In practice, this often means a “job system clean-up” for many organisations: restructuring fragmented positions developed over the years, eliminating duplications and establishing a unified naming logic.

Job evaluation and the establishment of salary bands

One of the key steps in preparation is selecting a methodologically sound job evaluation system. In practice, several approaches exist: ranking, classification, analytical point systems or factor analysis based on external benchmarks.

HR’s task is to establish a solution that:

  • fits the size and complexity of the organisation,
  • is internally well communicable and understandable for managers,
  • can be consistently applied to define “work of equal value.”

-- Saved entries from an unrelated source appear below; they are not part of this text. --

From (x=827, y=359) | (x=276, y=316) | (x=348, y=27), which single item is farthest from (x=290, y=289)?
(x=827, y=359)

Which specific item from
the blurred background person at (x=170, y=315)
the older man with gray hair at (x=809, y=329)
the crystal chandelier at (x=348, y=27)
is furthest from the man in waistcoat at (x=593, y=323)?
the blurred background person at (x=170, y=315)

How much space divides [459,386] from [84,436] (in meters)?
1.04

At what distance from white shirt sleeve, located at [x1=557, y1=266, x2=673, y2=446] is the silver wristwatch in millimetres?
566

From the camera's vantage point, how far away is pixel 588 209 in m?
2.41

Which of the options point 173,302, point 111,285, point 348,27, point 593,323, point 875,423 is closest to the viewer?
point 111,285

Based on the results of job evaluation, it is advisable to establish a banded salary table. Each band includes minimum–midpoint–maximum values, as well as a clear set of rules explaining why and how an employee is positioned within the band (entry salary, market correction, enhanced responsibility, scarce expertise).

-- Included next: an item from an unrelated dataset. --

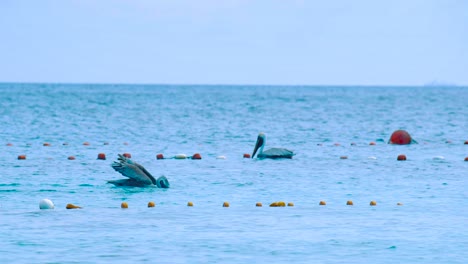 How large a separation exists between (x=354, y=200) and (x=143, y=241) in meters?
6.36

Remuneration practices and reporting

Pay transparency affects the entire remuneration structure. Therefore, preparation includes a comprehensive review of existing practices and strengthening reporting processes.

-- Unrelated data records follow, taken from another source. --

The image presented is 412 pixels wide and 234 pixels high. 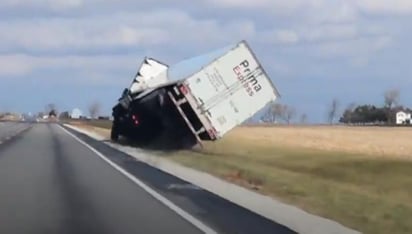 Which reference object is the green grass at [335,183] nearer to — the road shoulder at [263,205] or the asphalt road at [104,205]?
the road shoulder at [263,205]

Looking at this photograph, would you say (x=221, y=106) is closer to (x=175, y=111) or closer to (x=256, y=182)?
(x=175, y=111)

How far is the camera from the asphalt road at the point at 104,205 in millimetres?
15086

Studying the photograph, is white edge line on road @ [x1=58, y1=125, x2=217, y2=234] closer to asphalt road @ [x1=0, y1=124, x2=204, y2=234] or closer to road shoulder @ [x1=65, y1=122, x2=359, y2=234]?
asphalt road @ [x1=0, y1=124, x2=204, y2=234]

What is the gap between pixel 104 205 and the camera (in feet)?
61.7

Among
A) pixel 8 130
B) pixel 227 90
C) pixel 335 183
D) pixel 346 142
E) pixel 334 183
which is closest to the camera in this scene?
pixel 334 183

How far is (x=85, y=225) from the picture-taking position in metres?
15.2

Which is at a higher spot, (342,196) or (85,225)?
(85,225)

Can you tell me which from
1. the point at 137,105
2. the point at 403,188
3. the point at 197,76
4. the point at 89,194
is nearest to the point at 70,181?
the point at 89,194

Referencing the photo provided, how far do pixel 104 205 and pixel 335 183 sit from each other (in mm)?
10156

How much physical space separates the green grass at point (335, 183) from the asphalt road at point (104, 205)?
1.71m

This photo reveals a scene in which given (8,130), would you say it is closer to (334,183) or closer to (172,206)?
(334,183)

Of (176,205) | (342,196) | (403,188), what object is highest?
(176,205)

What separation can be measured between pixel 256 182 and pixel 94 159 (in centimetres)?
1256

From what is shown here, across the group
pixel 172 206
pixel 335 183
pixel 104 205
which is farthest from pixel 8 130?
pixel 172 206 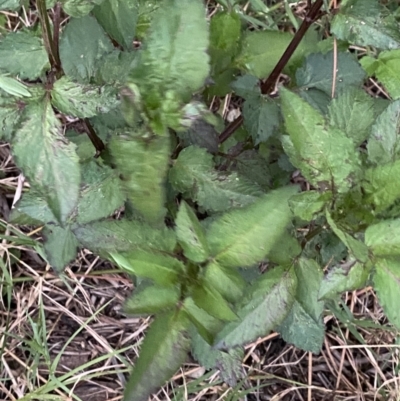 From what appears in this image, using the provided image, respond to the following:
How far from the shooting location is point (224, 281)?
32.5 inches

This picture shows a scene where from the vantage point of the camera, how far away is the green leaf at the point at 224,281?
2.70 ft

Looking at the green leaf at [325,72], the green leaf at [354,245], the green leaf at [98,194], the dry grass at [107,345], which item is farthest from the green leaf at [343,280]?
the dry grass at [107,345]

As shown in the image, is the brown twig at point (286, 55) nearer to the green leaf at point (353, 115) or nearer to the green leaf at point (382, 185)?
the green leaf at point (353, 115)

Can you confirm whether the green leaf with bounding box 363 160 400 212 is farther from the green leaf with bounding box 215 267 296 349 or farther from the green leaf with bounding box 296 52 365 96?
the green leaf with bounding box 296 52 365 96

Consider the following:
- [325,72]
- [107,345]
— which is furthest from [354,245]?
[107,345]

It is worth paying particular attention to the following areas:

Objectivity and transparency
Do bonus and incentive systems create indirect pay gaps, for example due to KPIs that disadvantage one gender in certain roles?

Gender differences
Does the allocation of allowances, overtime pay, on-call fees and bonuses show disproportionality?

Data availability
Are HR and payroll systems capable of automatically generating the indicators required by legislation (average and median pay, benefits, headcount distribution)?

Reporting and monitoring

In preparation for mandatory reports from 2026, it is advisable already now to establish:

  • standard dashboards for tracking salary and benefit data,
  • time-series analyses to examine trends and the impact of corrections,
  • automated reporting processes so that mandatory reports become the natural output of the system.

Recruitment, selection and employee communication

Pay transparency also places processes related to candidates on new foundations. HR must prepare to:

  • communicate the starting salary or salary band in a predefined manner for each position,
  • prepare hiring managers to handle salary-related questions without addressing prohibited topics,
  • revise employment contract templates, offer templates and internal regulations.

Internal communication is also a key factor: it must be clearly explained what pay transparency means in practice and where the boundary lies between the protection of individual salary data and the right to collective information.

Readiness audit – where does the organisation stand?

In international consulting practice, a quick 20–25 question readiness audit focusing on five main areas is a widely used tool: job system, job evaluation, remuneration, reporting, recruitment and communication.

During an internal self-assessment, it is worth considering, for example, the following questions:

  • is there an up-to-date, unified position architecture,
  • is there a documented, objective job evaluation methodology,
  • are regular gender-based salary and benefit reports prepared,
  • do recruitment processes already reflect the principles of pay transparency.

The earlier deficiencies are identified, the easier it is to prepare in a scheduled and business-manageable manner for the obligations of 2026 and beyond.

The picture of organisational readiness comes together

Preparation for the introduction of pay transparency becomes a manageable process when the organisation is aware of its own level of maturity. The job structure, job evaluation, remuneration, reporting and communication together form the system on which legal compliance and long-term operational stability can be built. A conscious readiness audit can serve as a compass in this transformation.